It is possible that in that spring - through adequate political steps the Germans might have been persuaded of the desirability of their staying in their established homeland. But the political will was missing for these steps to be taken and it appears that after 750 years the role of the Saxons and Swabians in Transylvania and in the Banat region has come to a tragic end. In my opinion, there are only losers here: the Germans have lost their adored Siebenbürgen and Banat, and Romania has lost the German expertise, energy and capital. I am convinced that if the approximately half-million Germans had stayed, they would have exercised a tremendous attraction within the new Europe for German capital investments. But then chauvinism has never been a good economic or political advisor.
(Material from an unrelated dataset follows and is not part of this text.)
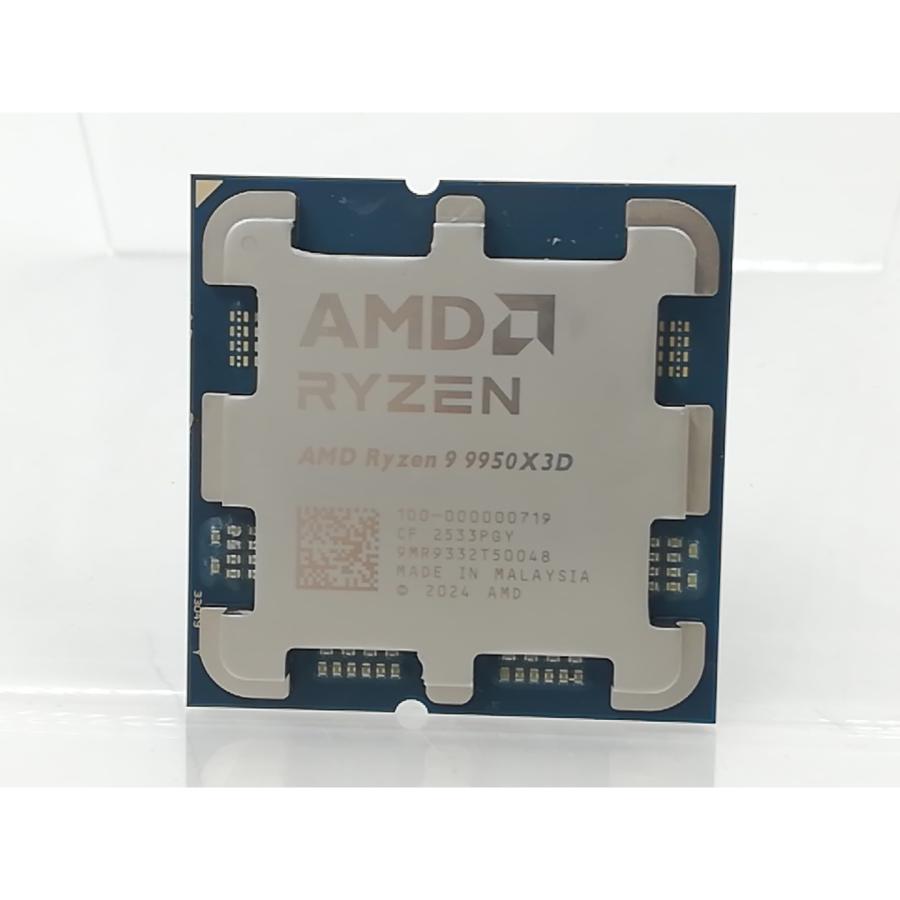 中古】AMD Ryzen 9 9950X3D (4.3GHz/TC:5.7GHz) BOX AM5/16C/32T/L3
Returning home from this minorities conference, I read in the Cuvintul Liber of March 10 that two electronic word processors had been received from Hungary as gifts. One was received by the Romanian Vatra literary periodical (repeat no relation to Vatra Romaneasca) and the other by the Hungarian Erdélyi Figyelö [Transylvanian Observer] literary periodical.

Then I read in another article on the same page that the Hungarians were being blamed for knocking down the statue of Nicolae Balcescu in Sovata, a spa town in Mures County.

It should be known that the statue of Nicolae Balcescu (another Romanian freedom fighter from 1848-49) has been standing for years in the gardens of the Sovata baths. Thousands of visitors come to Sovata for recreation, and they usually come from Romanian-inhabited regions.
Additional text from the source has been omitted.